▸ Work instructions
The whole listing should be retyped word for word, apart from the pictures it holds.

▸ Collected material
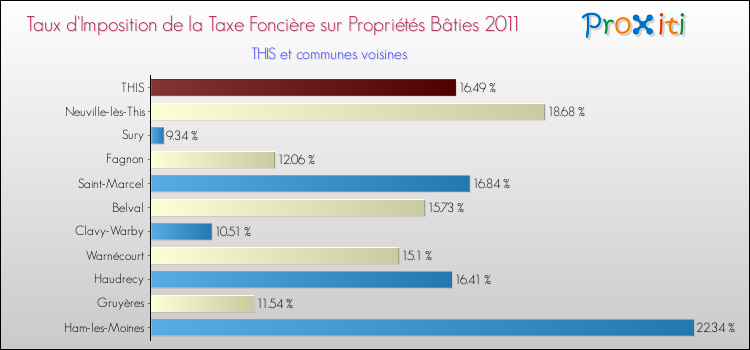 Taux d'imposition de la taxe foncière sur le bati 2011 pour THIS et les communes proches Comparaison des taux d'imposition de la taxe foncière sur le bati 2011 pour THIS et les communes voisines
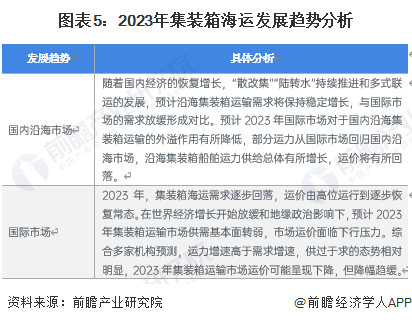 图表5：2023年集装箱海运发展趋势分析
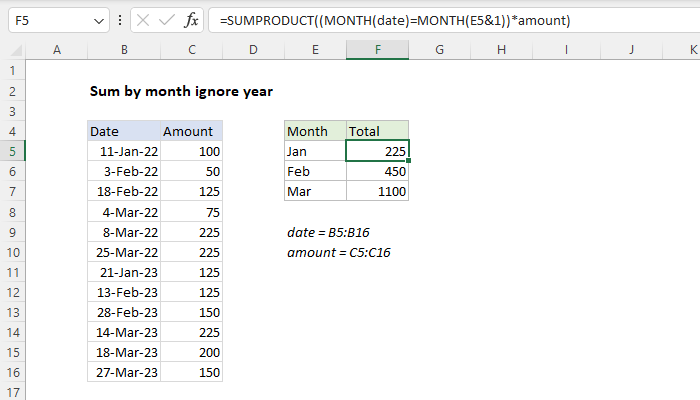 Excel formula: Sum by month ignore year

▸ Task result
 Taux d'imposition de la taxe foncière sur le bati 2011 pour THIS et les communes proches Comparaison des taux d'imposition de la taxe foncière sur le bati 2011 pour THIS et les communes voisines
 图表5：2023年集装箱海运发展趋势分析
 Excel formula: Sum by month ignore year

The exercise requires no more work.